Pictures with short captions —
● ● ● ● ● ● ●

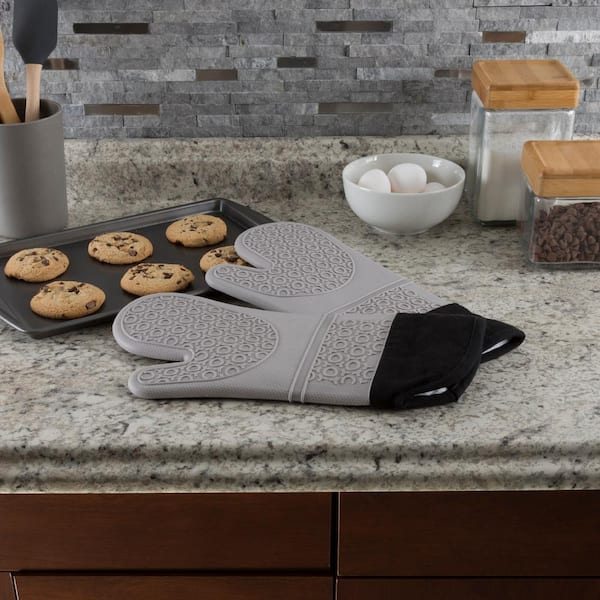 https://images.thdstatic.com/productImages/7a809d4c-2309-4109-8442-a708f904c0b5/svn/lavish-home-oven-mitts-pot-holders-m036904-31_600.jpg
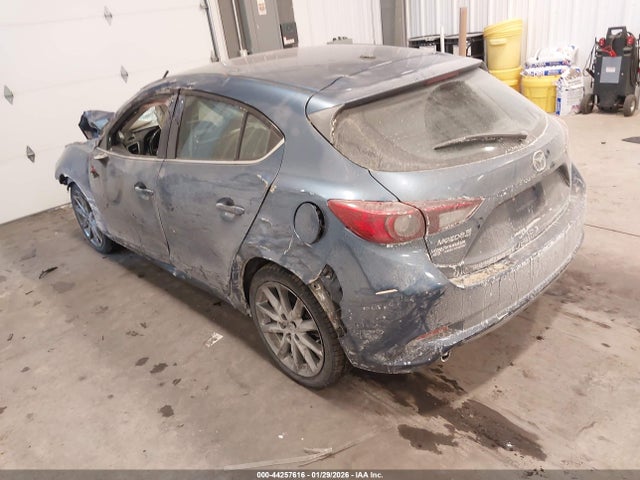 3MZBN1L37JM168297 Mazda Mazda3 Touring
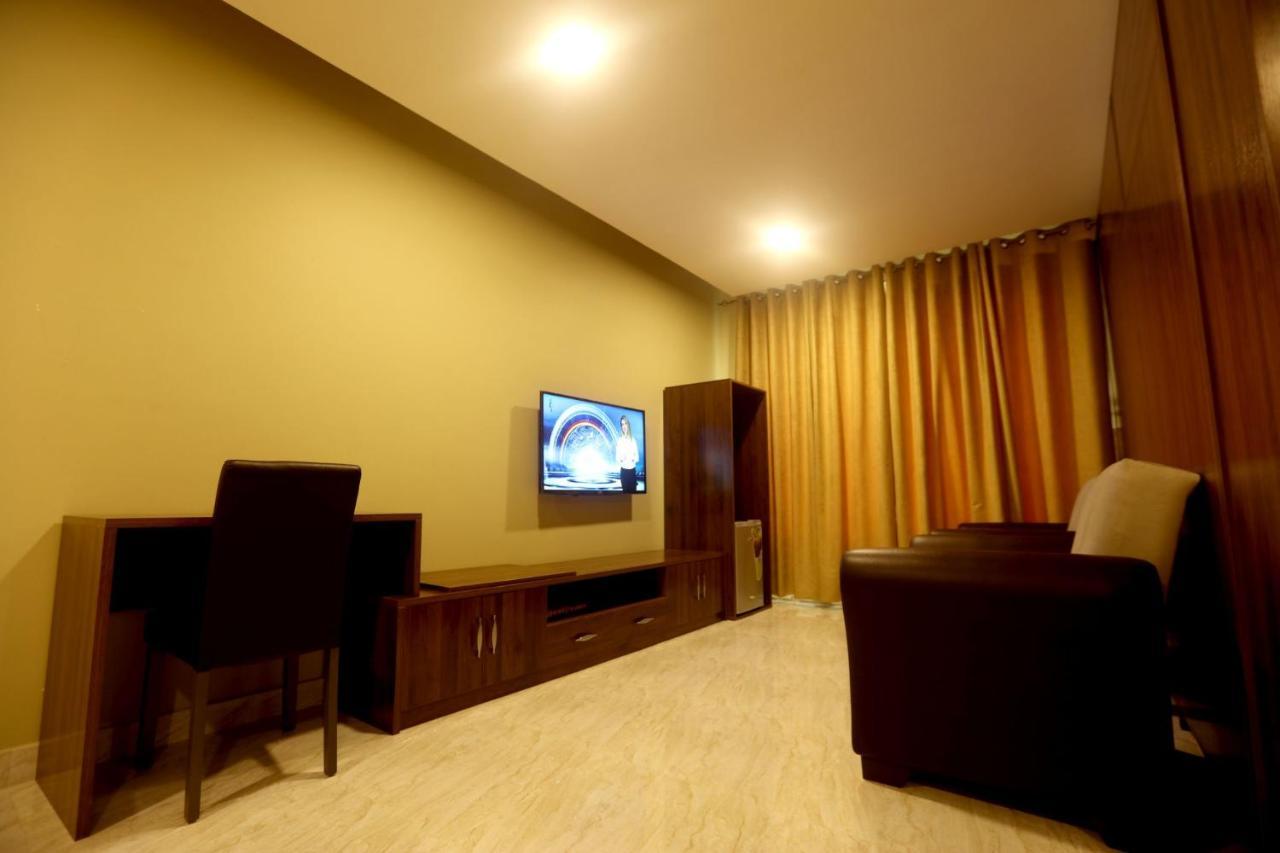 Golden Crown Hotel Alseeb Muscat Екстер'єр фото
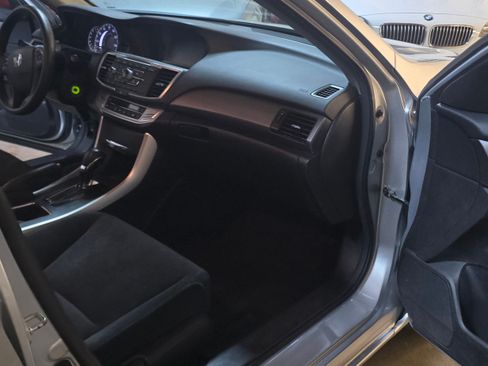 Used 2013 Honda Accord LX Special Edition image 15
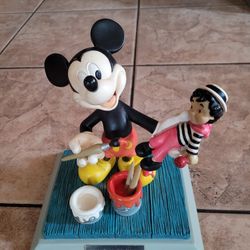 MICKEY MOUSE STATUE, 23 YEARS OLD & ARTIST SIGNED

● ● ● ● ● ● ●

INSTRUCTIONS FOR THE TASK — Please keep the pictures out and reproduce the records above exactly.

RESULT OF THIS TASK —
 https://images.thdstatic.com/productImages/7a809d4c-2309-4109-8442-a708f904c0b5/svn/lavish-home-oven-mitts-pot-holders-m036904-31_600.jpg
 3MZBN1L37JM168297 Mazda Mazda3 Touring
 Golden Crown Hotel Alseeb Muscat Екстер'єр фото
 Used 2013 Honda Accord LX Special Edition image 15
 MICKEY MOUSE STATUE, 23 YEARS OLD & ARTIST SIGNED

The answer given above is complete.